Each line in the material below, starting at the one with "Occasion CARAVELAIR ARTICA 496 FAMILY 6" and ending at the one with "A pic from outside/outdoor", is to be reproduced exactly; no picture is to be copied.

DATA PROVIDED Block Start

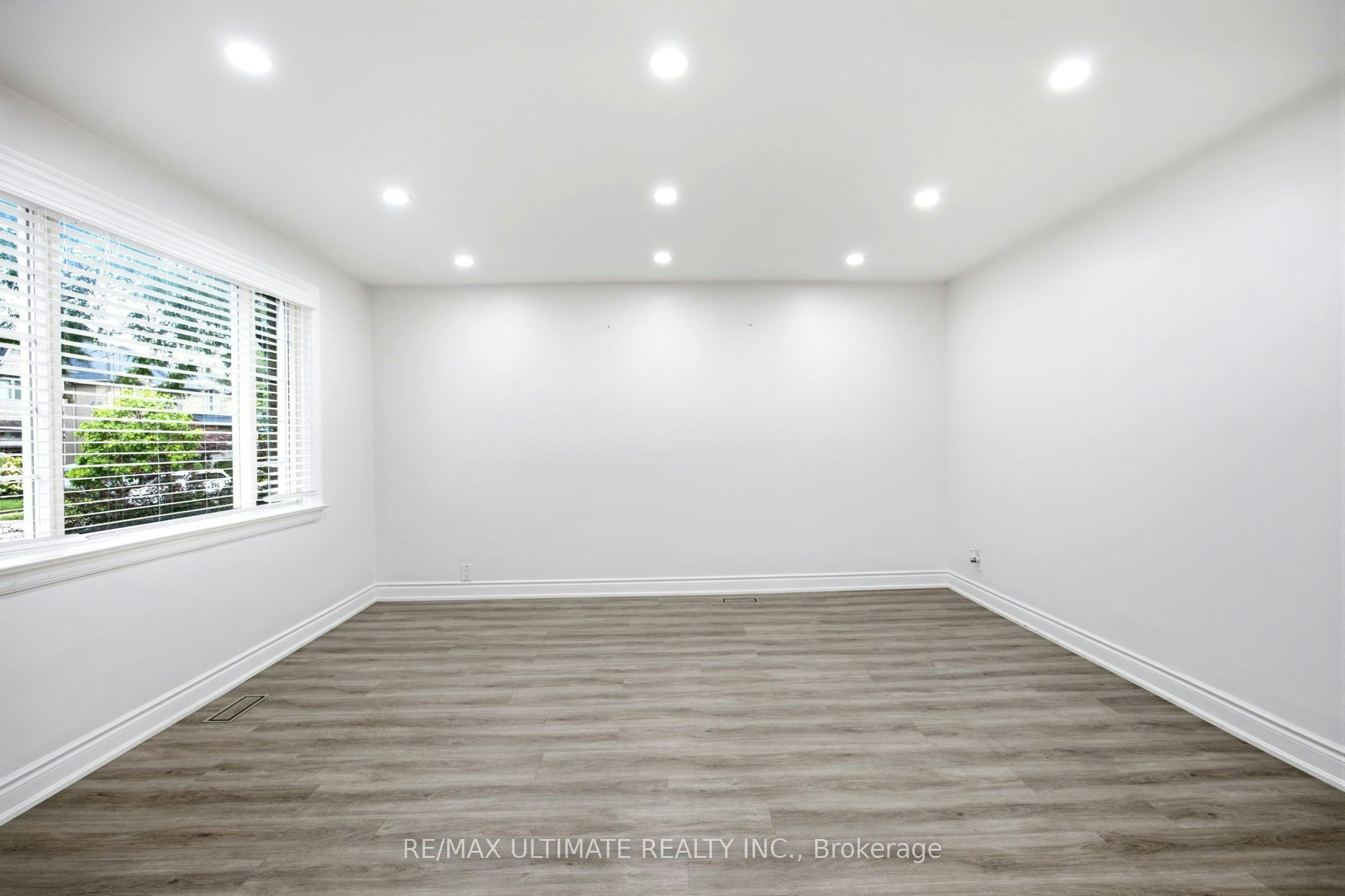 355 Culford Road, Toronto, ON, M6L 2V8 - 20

DATA PROVIDED Block End
DATA PROVIDED Block Start

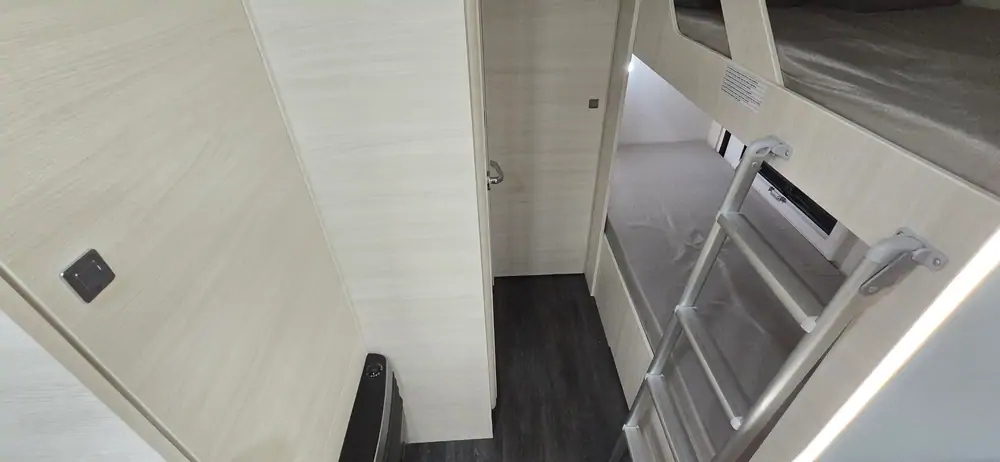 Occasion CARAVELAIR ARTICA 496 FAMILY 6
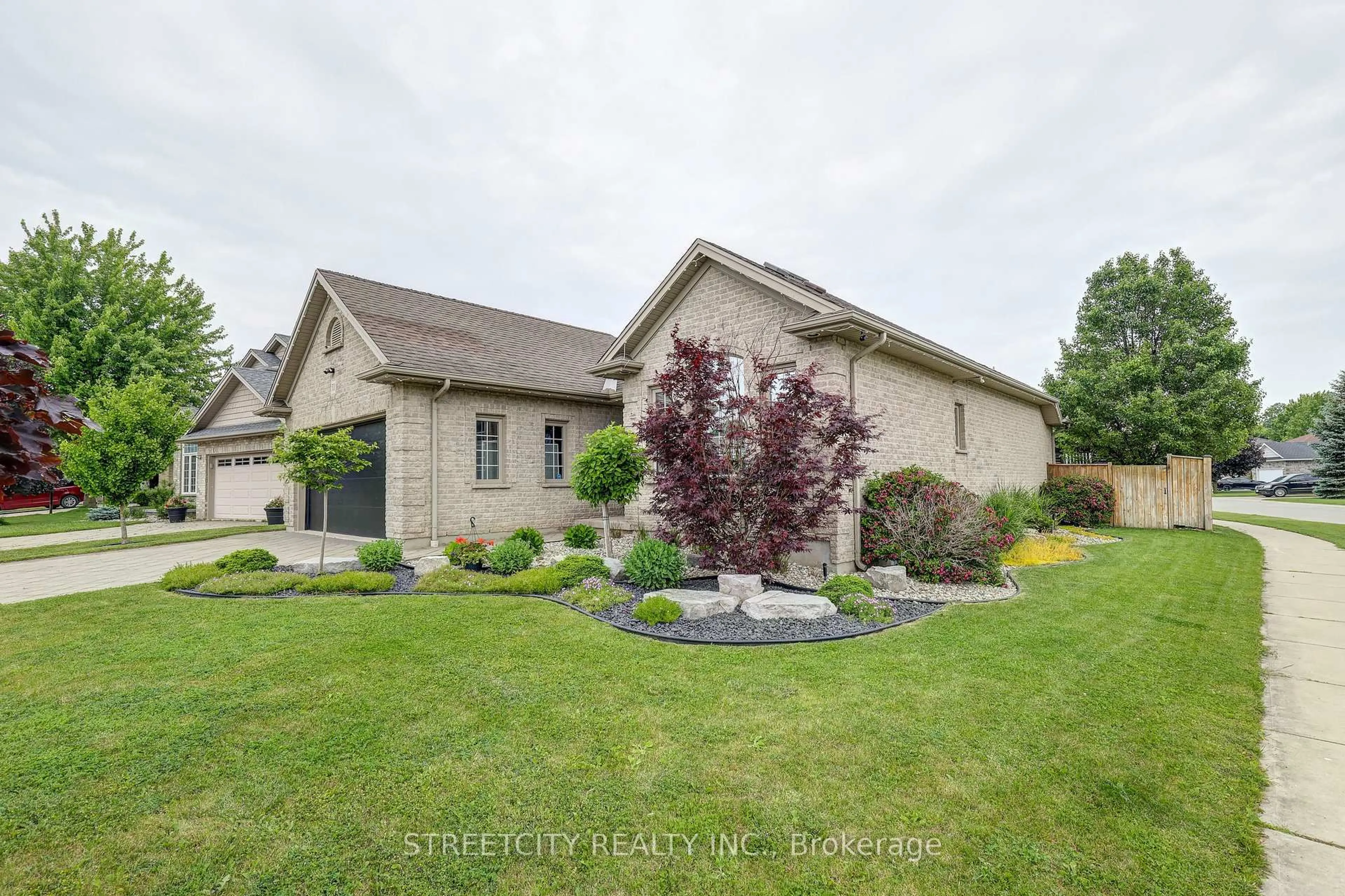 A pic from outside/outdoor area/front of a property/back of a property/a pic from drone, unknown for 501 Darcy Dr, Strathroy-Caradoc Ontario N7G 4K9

DATA PROVIDED Block End
DATA PROVIDED Block Start

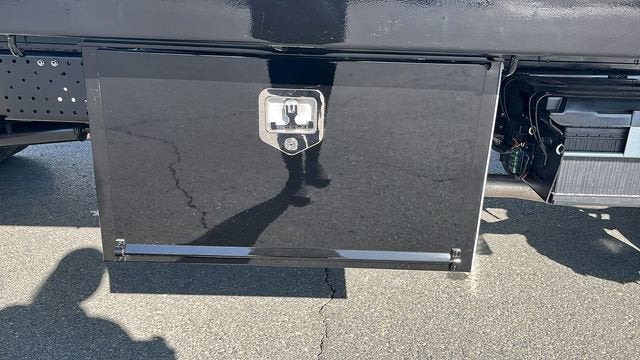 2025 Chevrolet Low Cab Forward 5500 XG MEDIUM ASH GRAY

DATA PROVIDED Block End

▶ [SOLUTION]:
 Occasion CARAVELAIR ARTICA 496 FAMILY 6
 A pic from outside/outdoor area/front of a property/back of a property/a pic from drone, unknown for 501 Darcy Dr, Strathroy-Caradoc Ontario N7G 4K9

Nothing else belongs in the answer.